Anke Loh omschrijft zichzelf als ‘voortdurend op zoek’. Dat blijkt uit haar ontwerpen die komaf maken met conventies, maar ook uit haar algemene interesses. De wereld van Anke Loh, een jonge Duitse ontwerpster in Antwerpen.

In maart van dit jaar presenteerde Anke Loh haar nieuwe collectie voor het eerst middels een defilé, in de kelderverdieping van het Parijse Centre Pompidou. Er stond geen podium of lichtinstallatie opgesteld en er weerklonk ook geen muziek, wat het publiek, de uitnodiging ter hand, enigszins nerveus maakte; in het reusachtige kunstencentrum vergist men zich immers makkelijk van etage. De aanwezigen hingen dan maar wat rond of rustten uit op de her en der verspreide bankjes. Tot plots een paar meisjes in de menigte opvielen: ze keken star en toch vriendelijk voor zich uit en droegen niet meteen te plaatsen, half afhangende kleren. Een lift kwam naar beneden en er stapten andere vrouwen uit, met verknipte rokken en ontbloot bovenlichaam. Zo zwol de groep modellen aan, jongens en meisjes tezamen; ze wandelden doorheen de ruimte en gingen af en toe zitten op de traptreden. Een aantal van hen was behangen met dunne elektriciteitskabels en zwarte nopjes: luidsprekertjes, zo bleek, verbonden aan een draagbare cd-speler. De omstaanders konden enkel horen welk liedje erin speelde door zo’n speakertje tegen hun oorschelp te drukken. In een hoek lagen netjes gevouwen kledingstukken op de grond; de modellen verwisselden daar van outfit en stonden dus onder het oog van het publiek een tijd naakt. Het was een ongewone vertoning, maar Anke Loh vindt de geijkte modeshowformules ongewoon.

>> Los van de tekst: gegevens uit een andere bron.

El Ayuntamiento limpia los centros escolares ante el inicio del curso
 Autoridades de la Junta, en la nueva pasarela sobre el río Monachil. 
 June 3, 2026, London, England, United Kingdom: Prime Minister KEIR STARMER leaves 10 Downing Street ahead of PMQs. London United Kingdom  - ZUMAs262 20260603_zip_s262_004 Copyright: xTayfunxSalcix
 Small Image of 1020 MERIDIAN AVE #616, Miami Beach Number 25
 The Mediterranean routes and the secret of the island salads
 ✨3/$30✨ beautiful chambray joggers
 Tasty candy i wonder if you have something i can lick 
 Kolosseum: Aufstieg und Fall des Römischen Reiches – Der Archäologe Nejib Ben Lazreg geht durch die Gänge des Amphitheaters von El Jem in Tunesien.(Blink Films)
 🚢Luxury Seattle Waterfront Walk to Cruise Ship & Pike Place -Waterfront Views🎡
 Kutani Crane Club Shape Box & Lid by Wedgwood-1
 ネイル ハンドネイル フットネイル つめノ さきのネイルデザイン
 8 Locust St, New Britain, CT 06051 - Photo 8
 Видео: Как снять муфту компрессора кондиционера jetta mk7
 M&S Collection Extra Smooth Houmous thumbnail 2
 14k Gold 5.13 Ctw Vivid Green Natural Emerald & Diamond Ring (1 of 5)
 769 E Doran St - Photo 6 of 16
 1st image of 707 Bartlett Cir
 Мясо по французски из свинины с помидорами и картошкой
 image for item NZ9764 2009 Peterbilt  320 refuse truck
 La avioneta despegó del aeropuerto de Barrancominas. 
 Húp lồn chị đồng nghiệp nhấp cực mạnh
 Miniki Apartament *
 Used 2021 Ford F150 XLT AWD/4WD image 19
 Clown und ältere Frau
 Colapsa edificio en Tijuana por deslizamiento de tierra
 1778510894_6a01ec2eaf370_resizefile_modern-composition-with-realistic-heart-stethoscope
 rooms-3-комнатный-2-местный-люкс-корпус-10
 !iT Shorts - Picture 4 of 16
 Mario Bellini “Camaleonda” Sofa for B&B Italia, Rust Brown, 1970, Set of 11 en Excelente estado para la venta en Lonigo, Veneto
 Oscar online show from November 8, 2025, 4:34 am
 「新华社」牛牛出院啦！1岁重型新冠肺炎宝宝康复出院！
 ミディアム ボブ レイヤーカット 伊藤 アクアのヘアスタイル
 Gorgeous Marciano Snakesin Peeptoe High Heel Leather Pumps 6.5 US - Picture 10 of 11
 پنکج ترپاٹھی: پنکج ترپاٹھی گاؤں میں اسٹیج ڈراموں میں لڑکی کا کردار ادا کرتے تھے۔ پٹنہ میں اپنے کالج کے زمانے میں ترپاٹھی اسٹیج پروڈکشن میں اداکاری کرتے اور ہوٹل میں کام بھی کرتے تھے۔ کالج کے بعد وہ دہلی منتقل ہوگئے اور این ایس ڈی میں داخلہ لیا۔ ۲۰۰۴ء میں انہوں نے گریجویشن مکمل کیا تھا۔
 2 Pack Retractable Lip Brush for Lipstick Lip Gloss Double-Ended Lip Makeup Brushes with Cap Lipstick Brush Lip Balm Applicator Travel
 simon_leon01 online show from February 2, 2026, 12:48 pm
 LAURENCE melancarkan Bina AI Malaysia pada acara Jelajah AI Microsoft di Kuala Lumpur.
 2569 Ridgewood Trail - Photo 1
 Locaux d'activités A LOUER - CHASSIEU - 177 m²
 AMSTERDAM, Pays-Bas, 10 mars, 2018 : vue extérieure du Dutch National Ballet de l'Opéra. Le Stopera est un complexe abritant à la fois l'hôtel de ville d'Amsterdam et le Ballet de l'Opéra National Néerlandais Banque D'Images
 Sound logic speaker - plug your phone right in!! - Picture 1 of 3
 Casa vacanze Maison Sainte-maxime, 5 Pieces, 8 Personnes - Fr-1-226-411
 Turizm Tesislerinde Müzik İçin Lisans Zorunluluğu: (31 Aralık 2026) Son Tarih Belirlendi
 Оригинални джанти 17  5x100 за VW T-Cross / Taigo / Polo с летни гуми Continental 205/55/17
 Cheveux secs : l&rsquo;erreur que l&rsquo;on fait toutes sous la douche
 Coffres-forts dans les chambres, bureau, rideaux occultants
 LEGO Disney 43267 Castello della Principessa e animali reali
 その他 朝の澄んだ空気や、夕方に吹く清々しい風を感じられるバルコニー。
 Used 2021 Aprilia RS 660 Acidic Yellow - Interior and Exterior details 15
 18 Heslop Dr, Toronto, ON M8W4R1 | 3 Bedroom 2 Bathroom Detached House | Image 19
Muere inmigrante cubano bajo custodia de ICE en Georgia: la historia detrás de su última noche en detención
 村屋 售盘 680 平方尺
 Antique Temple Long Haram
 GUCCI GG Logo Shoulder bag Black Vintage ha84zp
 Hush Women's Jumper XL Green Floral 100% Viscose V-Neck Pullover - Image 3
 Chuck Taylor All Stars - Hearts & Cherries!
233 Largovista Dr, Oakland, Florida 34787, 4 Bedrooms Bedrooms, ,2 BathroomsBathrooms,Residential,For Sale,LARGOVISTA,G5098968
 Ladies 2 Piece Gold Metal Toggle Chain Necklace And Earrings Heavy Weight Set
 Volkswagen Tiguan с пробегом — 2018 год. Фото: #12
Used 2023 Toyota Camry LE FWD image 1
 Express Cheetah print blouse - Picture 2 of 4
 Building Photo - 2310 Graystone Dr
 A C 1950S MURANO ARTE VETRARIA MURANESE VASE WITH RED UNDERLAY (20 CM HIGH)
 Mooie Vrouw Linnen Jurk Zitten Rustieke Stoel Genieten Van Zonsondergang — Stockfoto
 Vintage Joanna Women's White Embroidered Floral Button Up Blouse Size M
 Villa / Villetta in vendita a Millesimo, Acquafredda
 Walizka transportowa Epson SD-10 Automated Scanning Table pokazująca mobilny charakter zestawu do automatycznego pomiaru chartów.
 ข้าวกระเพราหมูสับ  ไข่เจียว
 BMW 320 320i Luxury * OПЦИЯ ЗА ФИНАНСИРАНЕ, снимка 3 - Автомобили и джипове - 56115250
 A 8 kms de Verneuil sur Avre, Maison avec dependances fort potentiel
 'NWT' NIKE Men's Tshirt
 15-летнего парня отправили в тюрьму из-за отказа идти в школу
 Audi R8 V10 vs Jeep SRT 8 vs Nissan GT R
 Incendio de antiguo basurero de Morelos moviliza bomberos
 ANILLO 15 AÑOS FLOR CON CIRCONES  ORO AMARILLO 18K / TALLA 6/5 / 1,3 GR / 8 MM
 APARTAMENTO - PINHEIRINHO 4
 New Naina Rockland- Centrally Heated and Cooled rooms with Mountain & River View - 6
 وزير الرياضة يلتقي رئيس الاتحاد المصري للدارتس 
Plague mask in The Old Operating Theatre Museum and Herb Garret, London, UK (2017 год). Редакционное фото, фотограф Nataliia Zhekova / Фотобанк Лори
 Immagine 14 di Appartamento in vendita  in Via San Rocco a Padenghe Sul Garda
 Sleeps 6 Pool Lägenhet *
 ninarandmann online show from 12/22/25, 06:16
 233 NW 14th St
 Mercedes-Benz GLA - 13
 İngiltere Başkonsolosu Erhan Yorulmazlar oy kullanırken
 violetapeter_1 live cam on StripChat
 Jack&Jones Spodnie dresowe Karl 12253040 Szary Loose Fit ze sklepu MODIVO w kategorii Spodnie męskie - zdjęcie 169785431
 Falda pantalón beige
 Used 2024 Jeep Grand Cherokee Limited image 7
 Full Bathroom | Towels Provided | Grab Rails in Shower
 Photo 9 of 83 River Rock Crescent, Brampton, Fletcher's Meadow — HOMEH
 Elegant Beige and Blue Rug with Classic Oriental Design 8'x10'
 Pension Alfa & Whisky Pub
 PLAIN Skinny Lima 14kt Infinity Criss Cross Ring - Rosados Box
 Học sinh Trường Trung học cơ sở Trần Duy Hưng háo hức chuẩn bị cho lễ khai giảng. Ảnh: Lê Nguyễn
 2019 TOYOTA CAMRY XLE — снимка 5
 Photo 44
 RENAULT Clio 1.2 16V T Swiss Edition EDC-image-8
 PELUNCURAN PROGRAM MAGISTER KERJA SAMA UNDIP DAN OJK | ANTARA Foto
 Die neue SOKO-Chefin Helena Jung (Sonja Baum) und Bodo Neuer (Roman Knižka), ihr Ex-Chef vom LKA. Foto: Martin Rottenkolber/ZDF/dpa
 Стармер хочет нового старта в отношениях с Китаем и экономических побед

“Een catwalk, een rist dure mannequins, tien minuten heen en weer lopen en klaar: het is allemaal zo afstandelijk en koel”, legt ze uit. “Ieder z’n ding, maar ik denk dat er toch andere manieren zijn om kleren te tonen. Ik wou een show geven die nog iets menselijks had. Iets uitnodigends. Vandaar dat ik aan de modellen gevraagd heb tussen de mensen te lopen en hen hun muziek te laten beluisteren. Interactie en communicatie op ooghoogte. Ik wou ook niets verbergen. De meisjes kleden zich uit en aan, want dat doe je nu eenmaal als je iets anders aantrekt. Veel van de modellen kwamen uit de dans- of theaterwereld, dus die hebben minder problemen met bloot. Omdat het eigenlijk gewoon is. Dat wou ik als sfeer: gewoon. Stappen, stilstaan, contact leggen. Uit de reacties achteraf heb ik kunnen opmaken dat men het ook zo begrepen heeft. Dat deed me veel plezier.”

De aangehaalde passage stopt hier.